Defendant's claim that the waiver only applies to the ability to challenge the jurisdiction of the court is unpersuasive. The Guaranty explicitly states, "captions in this Guaranty have been inserted for convenience only and shall be given no substantive meaning or significance whatsoever in construing the terms and provisions of this Guaranty." (Id. at 6.) Therefore, the fact that the waiver appears in a section entitled "Governing Law" does not compel a different conclusion.

Since Efromovich has waived his ability to assert substantive defenses to the enforcement of the Guaranty, Plaintiff's motion for summary judgment is granted.

Plaintiff also moves to dismiss Efromovich's counterclaim of fraudulent inducement for failure to state a cause of action. On a motion to dismiss for failure to state a cause of action, a court must assume the facts as alleged to be true, and "determine only whether the facts as alleged fit within any cognizable legal theory." Leon v. Martinez, 84 NY2d 83, 87-88 (1994). In contrast, "[a]llegations consisting of bare legal conclusions . . . are not presumed to be true and [are not] accorded every favorable inference." Biondi v. Beekman Hill House Apt. Corp., 257 AD2d 76, 81 (1st Dep't 1988).

Moreover, pursuant to CPLR § 3016(b), a cause of action based on misrepresentation or fraud must "state in detail the circumstances constituting the wrong.'" Bank Leumi Trust Company of New York v. D'Evori International, Inc., 163 AD2d 26, 31-32 (1st Dep't 1990) (quoting CPLR 3016(b)). Conclusory allegations of fraud are "wholly insufficient." Id.

Here, Efromovich asserts that he was given a written booklet that showed the projected value of the company, as well as several parties listed as "current clients" of the security. (See Answer and Counterclaims ¶ 5.) He alleges that he relied on these representations in signing the Guaranty. (Id.) He further alleges that, "notwithstanding the representations concerning the existence of [the current clients] as customers of Digex at the time Defendant signed the Guaranty, Digex had defaulted in contractual arrangements with those entities." (Id. § 7.)

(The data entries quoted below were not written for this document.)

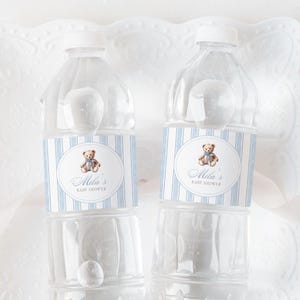 以下が含まれることがあります： 白いキャップが付いた透明なプラスチック製のウォーターボトルが2本。各ボトルには、青いストライプ、テディベアのイラスト、そして「Mila's BABY SHOWER」というテキストが書かれたラベルが付いています。ボトルは白い装飾的な表面に置かれています。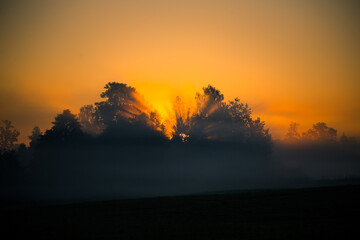 A beautiful evening scenery of a rural landscape. Sunset in the country landscape. Summertime scenery of Northern Europe.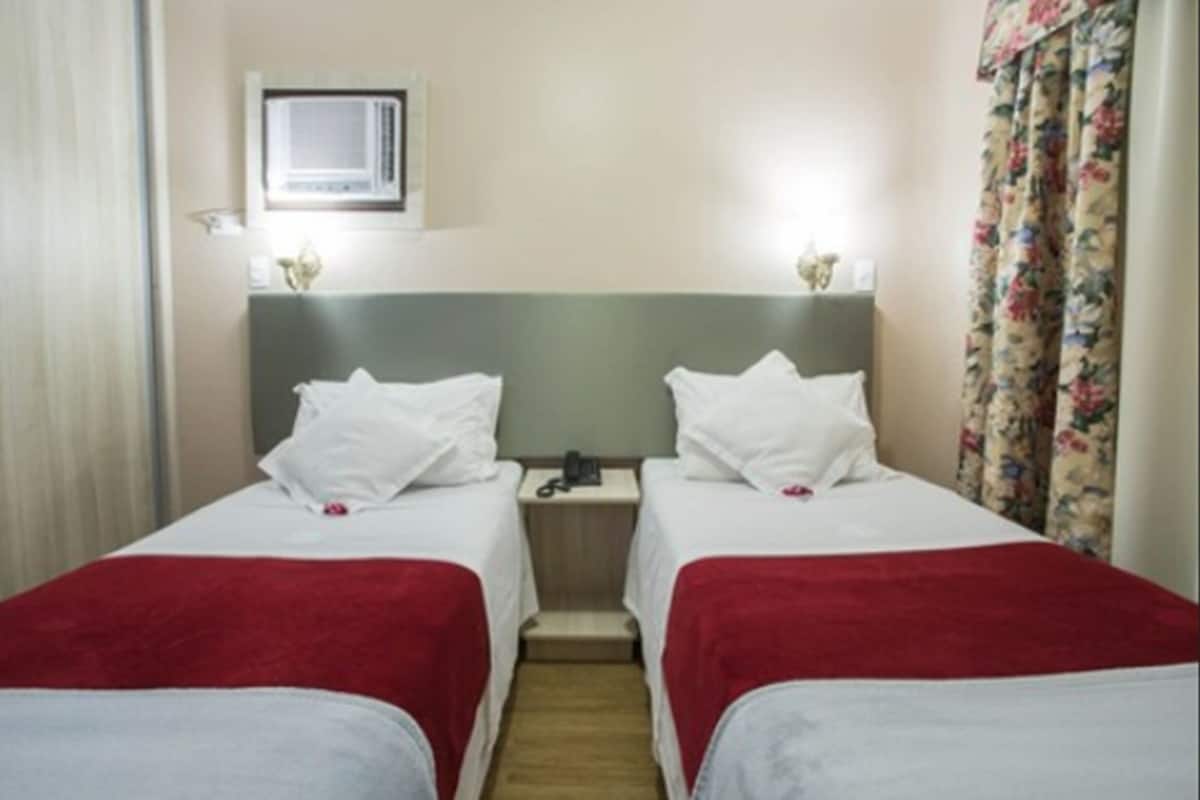 A hotel room with two beds, a nightstand, a telephone, and a window with curtains.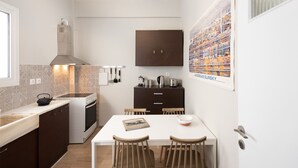 A compact kitchen with a white countertop, dark cabinets, and a dining table with chairs. - Stylish 2 bedroom Apt in Thiseion, large balcony (Athina)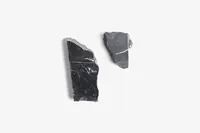 Two dark, jagged mineral pieces with white and red veins, possibly for Joe Burrow's chess set, lie on a white surface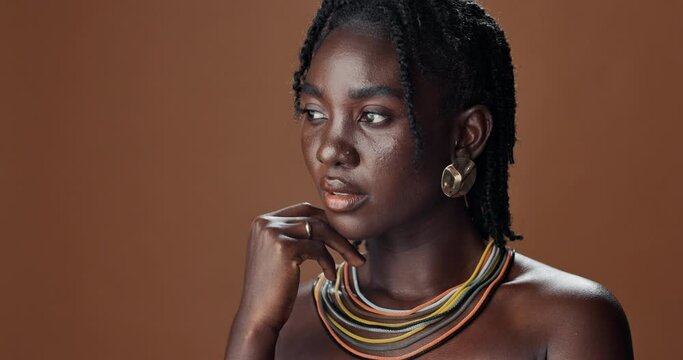 Face of black woman, skincare or model thinking of wellness, necklace or healthy beauty in studio. Dermatology, dreadlocks or African person with glow, idea or natural aesthetic on brown background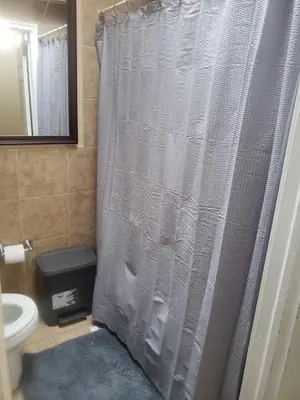 a shower curtain in a bathroom with a toilet at Tranquility Room by the Airport -Shared space in Darby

Even construing all of Efromovich's assertions of fact to be true, they amount to nothing more than "[a]llegations consisting of bare legal conclusions," and fail to "state in detail the circumstances constituting the wrong." Here, Efromovich has failed to allege why the default in contractual arrangements amounted to [*5]misrepresentation — that is, why default on contracts affected the parties' status as "current clients." He further does not sufficiently allege facts supporting a conclusion that he"justifiably relied" on this alleged misrepresentation, or how such misrepresentation was material. When a party "does not explain how he relied to his detriment" on the asserted misrepresentation . . . "it is not for [the court] to interject our supposition into plaintiff's pleading." Nicosia v. Bd. of Managers of the Weber House Condominium, 77 AD3d 455, 456 (1st Dep't 2010).

Since Efromovich has failed to state in detail the circumstances constituting the wrong,' as required by CPLR § 3016(b), his counterclaim for fraudulent inducement is dismissed.

Accordingly, it is

ORDERED that Plaintiff's motion for summary judgment is GRANTED, with respect to liability and the sum of $10,000,000;and it is further

ORDERED that Defendant's Counterclaim is DISMISSED; and it is further

ORDERED that the issue of costs and expenses, including reasonable attorneys' fees incurred in connection with Plaintiff's efforts to collect the purchase price pursuant to the Guaranty, is hereby referred to a Special Referee to hear and report with recommendations, except that, in the event of and upon the filing of a stipulation of the parties, as permitted by CPLR § 4317, the Special Referee, or another person designated by the parties to serve as referee, shall determine the aforesaid issue; and it is further

ORDERED that a copy of this order with notice of entry shall be served on the Special Referee Clerk (Room 119) to arrange a date for the reference to a Special Referee.

DATED: January 4, 2012

E N T E R :

___________________________

J.S.C.

Footnotes


Footnote 1:A copy of the Guaranty is annexed to the Affidavit of Lawrence M. Teitelbaum in Support of Plaintiff's Motion for Summary Judgment, at Exhibit B.